The GOP-controlled Legislature had called a special session to redraw an earlier map after the Supreme Court reaffirmed a federal court order to include two districts where Black voters make up voting-age majorities, “or something quite close to it.” But on Friday, state Republicans approved a new map with just one majority-Black seat and a second district that is approximately 40% Black.
The bill passed the House in a 75-28 vote after the Senate voted 24 to 6 in favor of the revised map.
The map was completed Friday afternoon — hours before the court-ordered deadline for the Legislature to draw up new boundaries — as a compromise between the House and Senate versions.
Republican Gov. Kay Ivey signed the redistricting map into law Friday night. A federal court will hold a hearing on the map Aug. 14.
“Following the U.S. Supreme Court order, I called the Alabama Legislature into a special session to readdress our congressional map," Ivey said in a statement after signing the measure. "The Legislature knows our state, our people and our districts better than the federal courts or activist groups, and I am pleased that they answered the call, remained focused and produced new districts ahead of the court deadline.”
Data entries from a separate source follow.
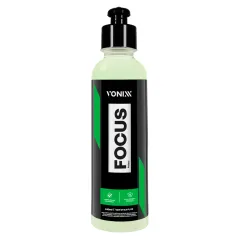 Removedor de Marcas d'água em Vidros e Espelhos Focus 240ml - Vonixx 2050452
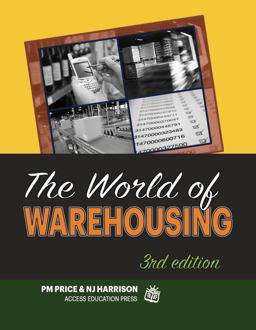 The World of Warehousing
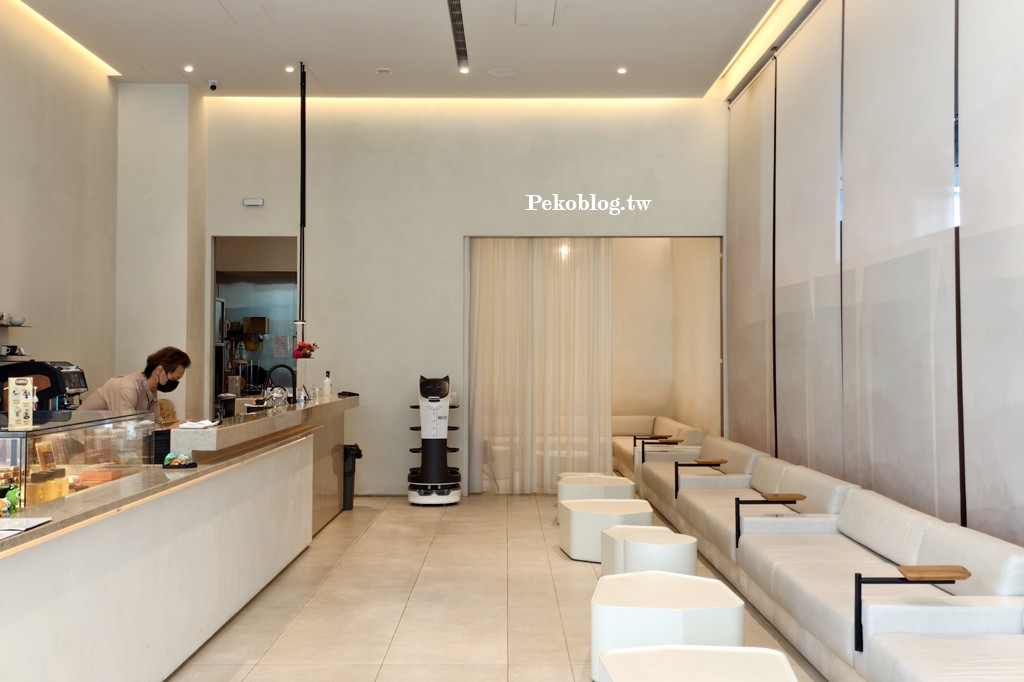 倘佯餐廳,經國七海文化園區,倘佯咖啡,七海寓所,台北景觀咖啡廳 @PEKO の Simple Life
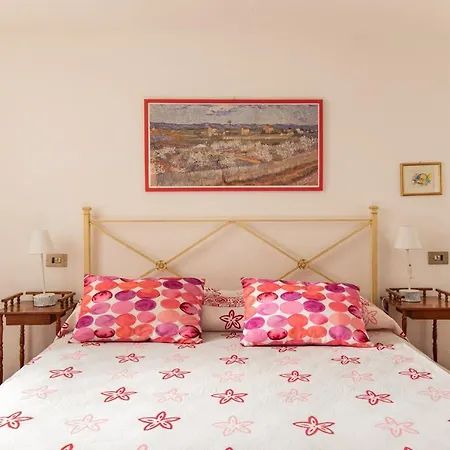 Casa Cannucce, Relax E Mare! *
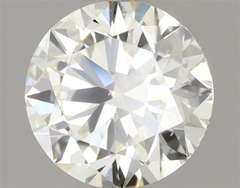 Solitairekart 1.01 Carat L Color VS1 Clarity Natural Diamond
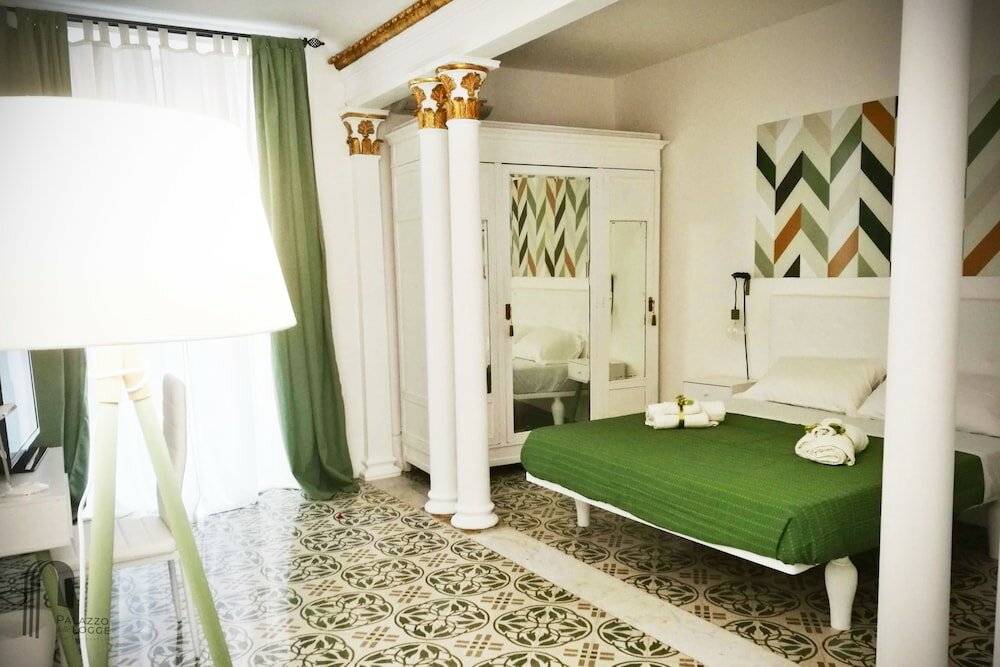 Фото Palazzo delle Logge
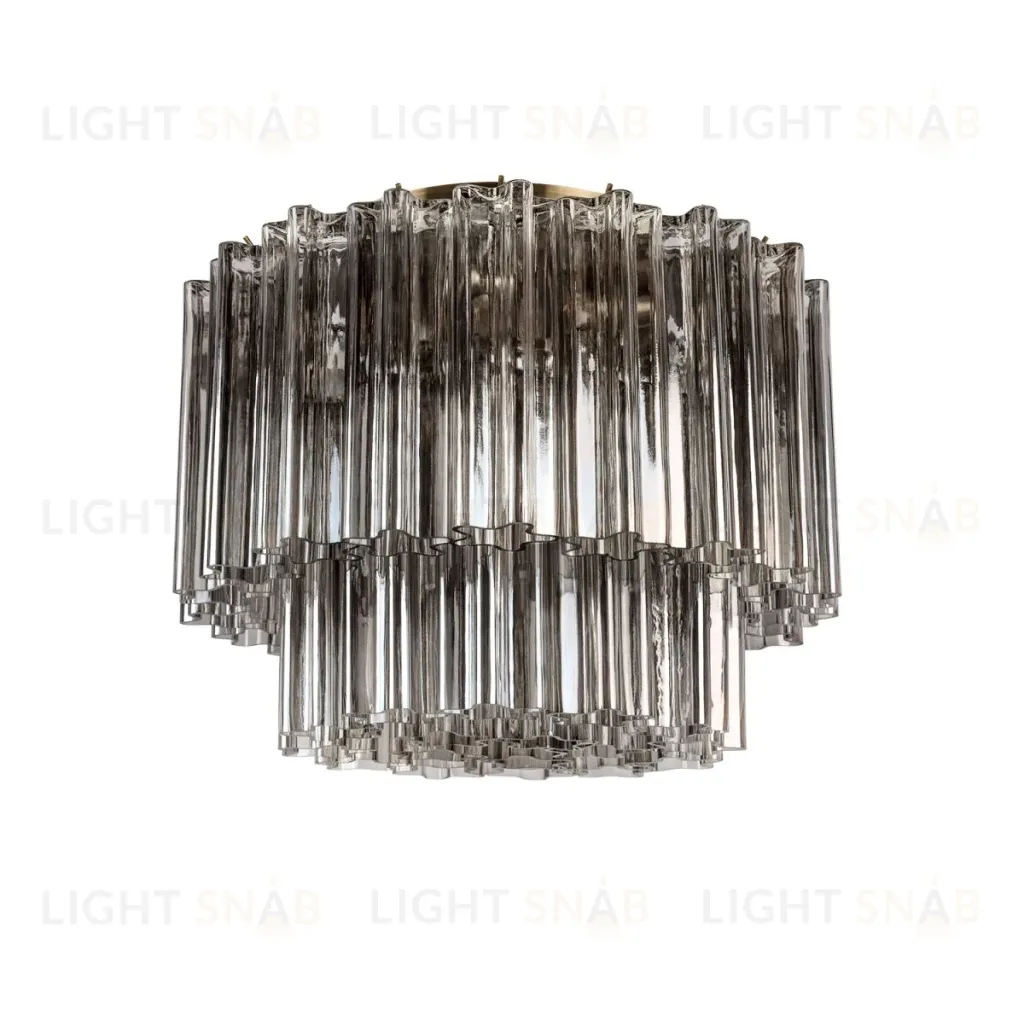 Потолочная люстра Loft IT Murano 10580C/500 Ash 10580C/500 Ash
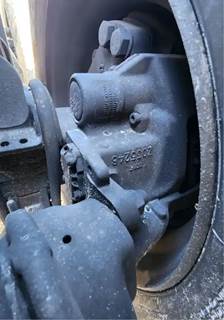 Meritor-Rockwell MT40-14X Brake Caliper for a 2019 International LT625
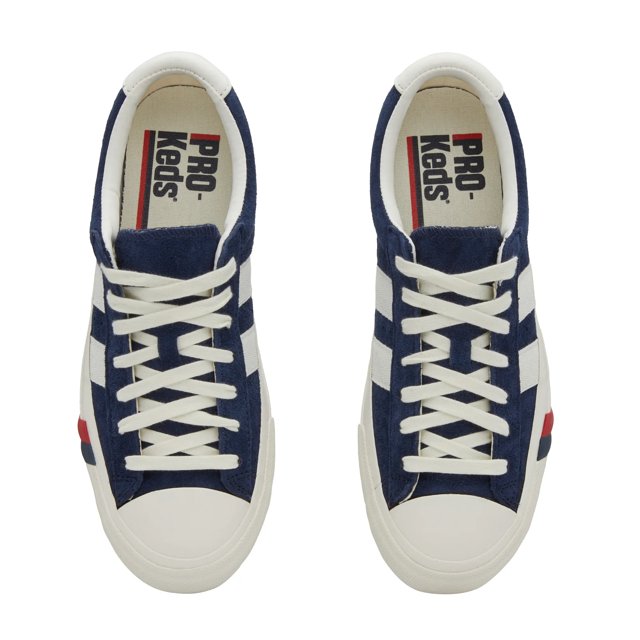Royal plus suede hotsell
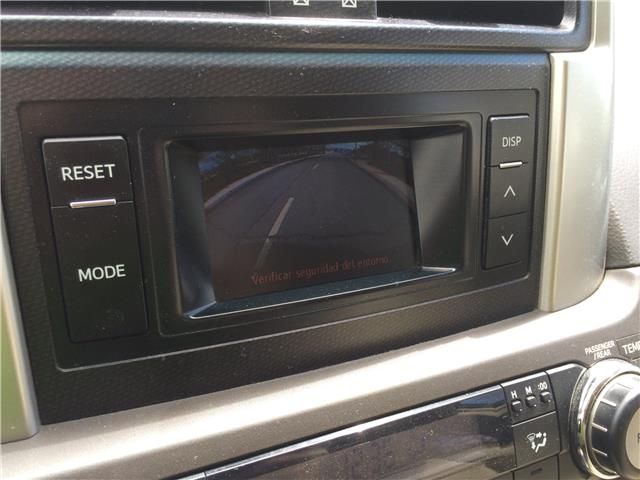 Toyota Land Cruiser • 2009 • 125,000 km 2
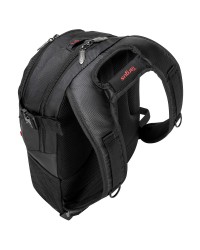 MOCHILA PARA NOTEBOOK ATÉ 15,6" TERRA TSB226DI72 CAPA DE CHUVA PRETA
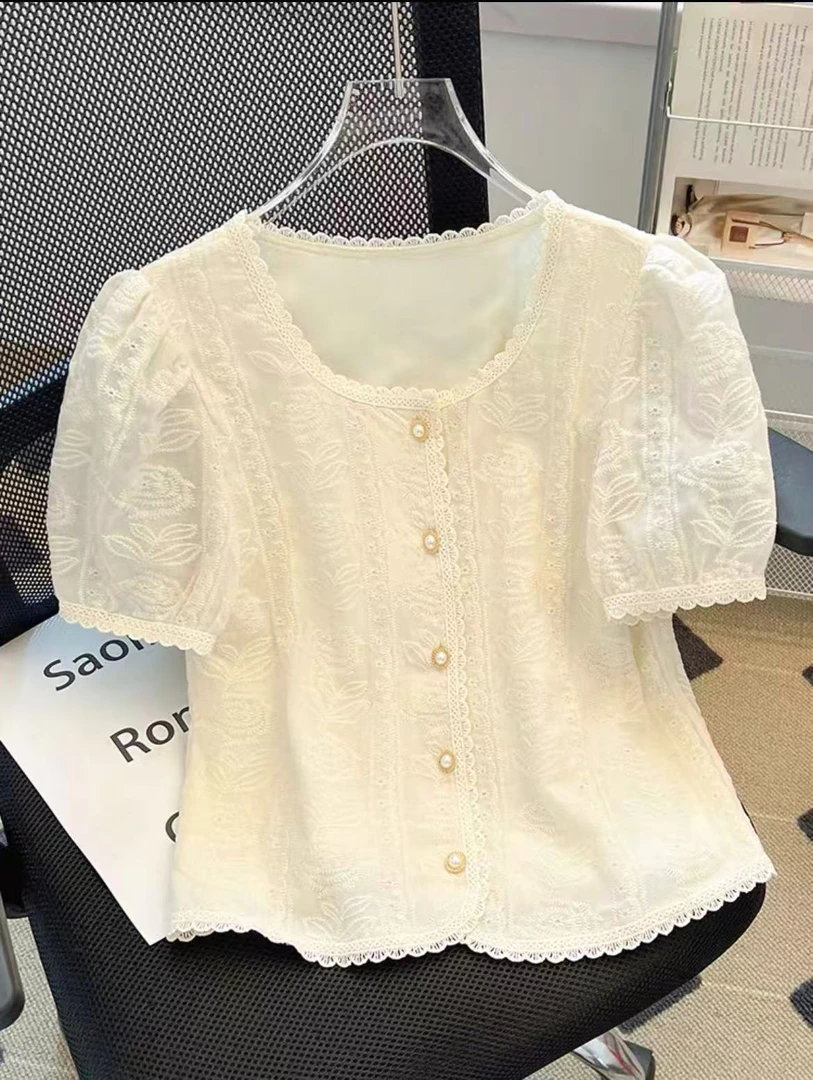 2025时尚新品小衫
Democrats slammed the map and its drafters, arguing that legislators ignored a court order and that the map continued the racist history of voter suppression.
"There was never any intent in this building to comply with their court order," said state Rep. Chris England, a Democrat from Tuscaloosa. "There was never any intent in this building to comply with the Voting Rights Act."
England and other Democrats argued the map was designed to bring another challenge to the Voting Rights Act.
"I'm ashamed of what we did here this week," said state Rep. Juandalynn Givan, a Democrat from Birmingham. "We’ve chosen to outright, blatantly disobey the law and to further attempt and vote to bury the Voting Rights Act."